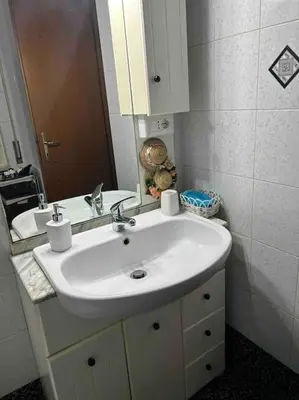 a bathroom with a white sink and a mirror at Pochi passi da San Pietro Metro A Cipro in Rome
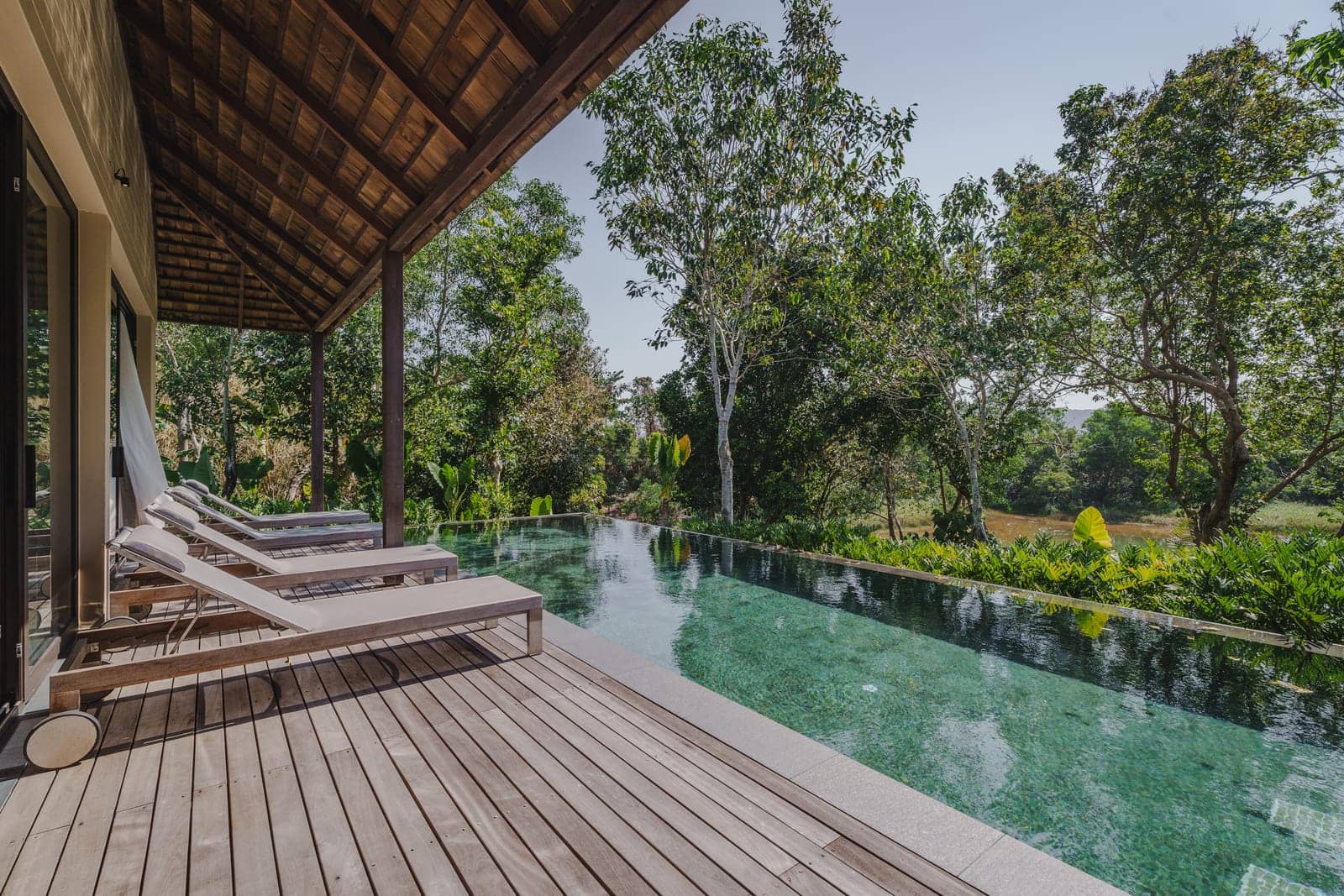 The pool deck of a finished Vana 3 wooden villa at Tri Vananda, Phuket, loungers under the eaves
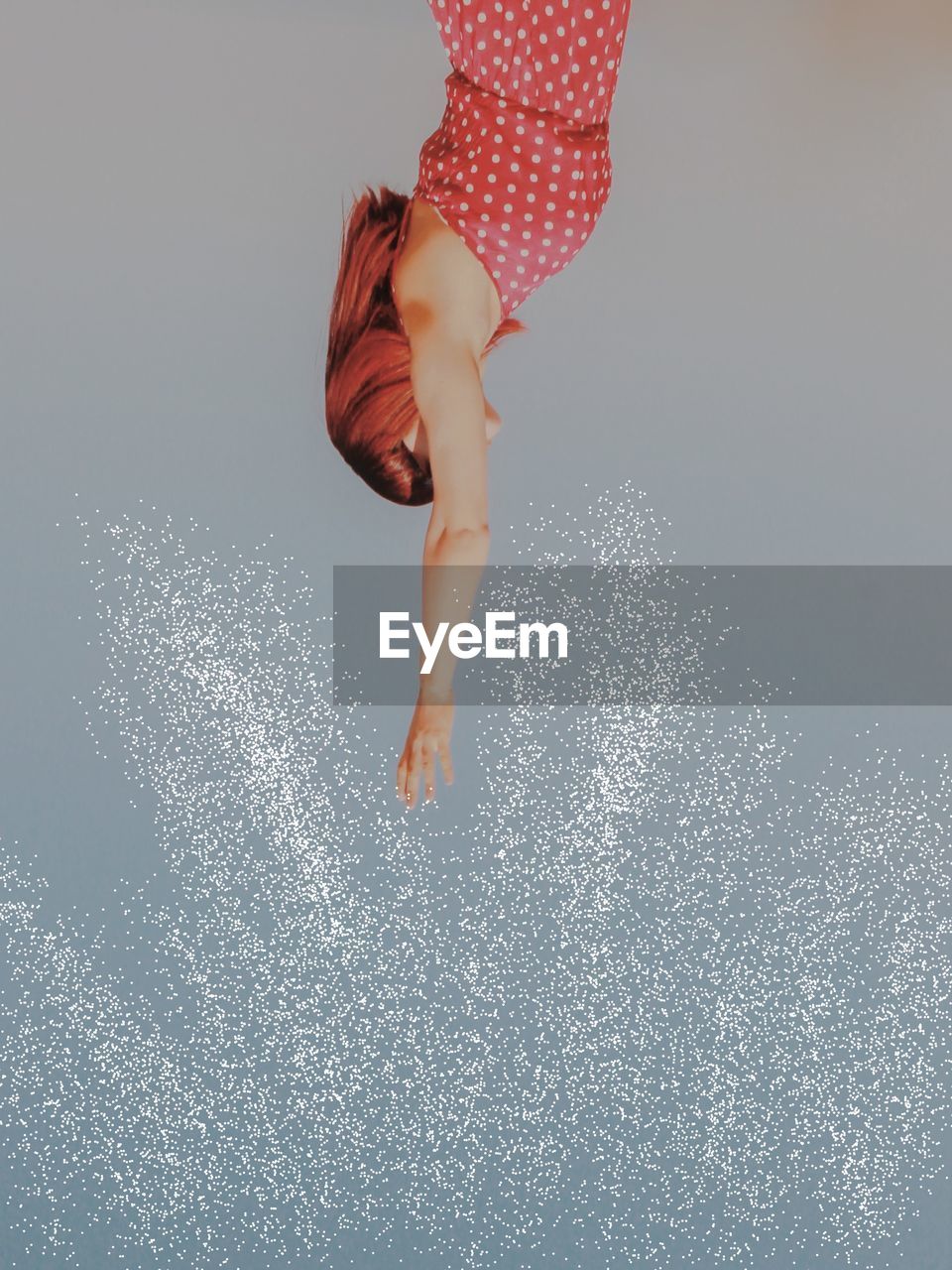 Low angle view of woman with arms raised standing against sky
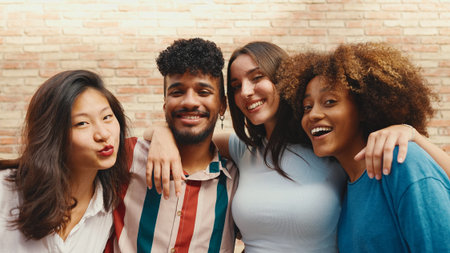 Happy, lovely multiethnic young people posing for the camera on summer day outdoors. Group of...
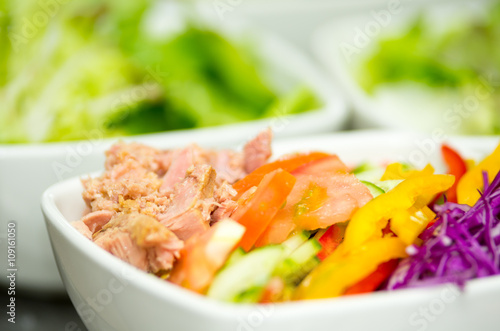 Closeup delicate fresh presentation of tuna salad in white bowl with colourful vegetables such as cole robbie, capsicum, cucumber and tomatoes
+-------+
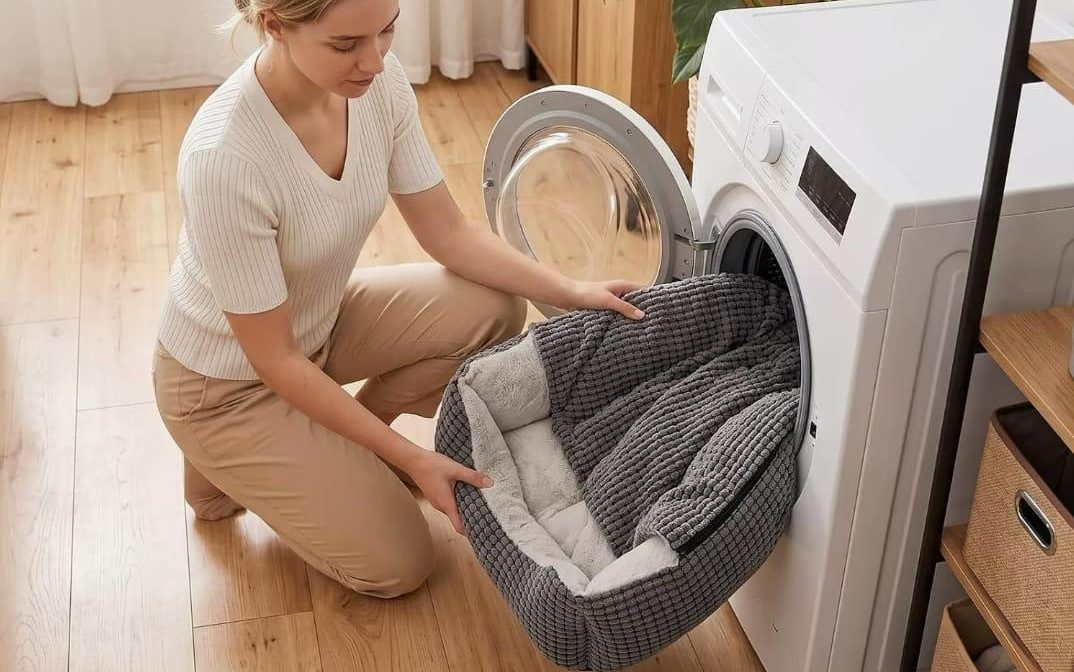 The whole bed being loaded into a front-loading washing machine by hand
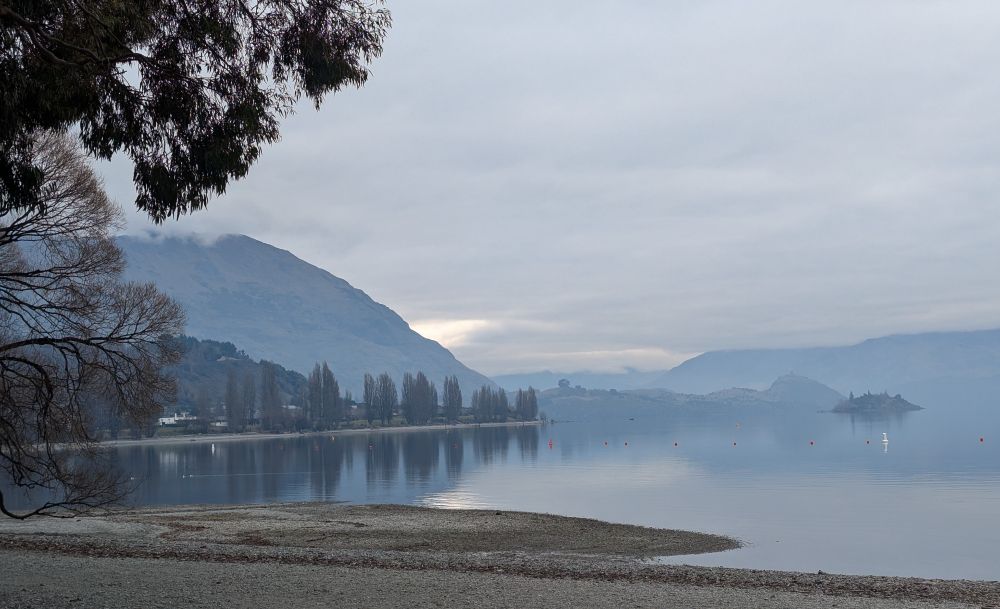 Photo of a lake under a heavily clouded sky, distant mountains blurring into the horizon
+-------+
Exercise description.
Transcribe, from the material above, the stretch starting at the line with "Happy, lovely multiethnic" and ending at the line with "Closeup delicate fresh", both included, exactly. Do not carry over pictures.

Answer box.
 Happy, lovely multiethnic young people posing for the camera on summer day outdoors. Group of...
 Closeup delicate fresh presentation of tuna salad in white bowl with colourful vegetables such as cole robbie, capsicum, cucumber and tomatoes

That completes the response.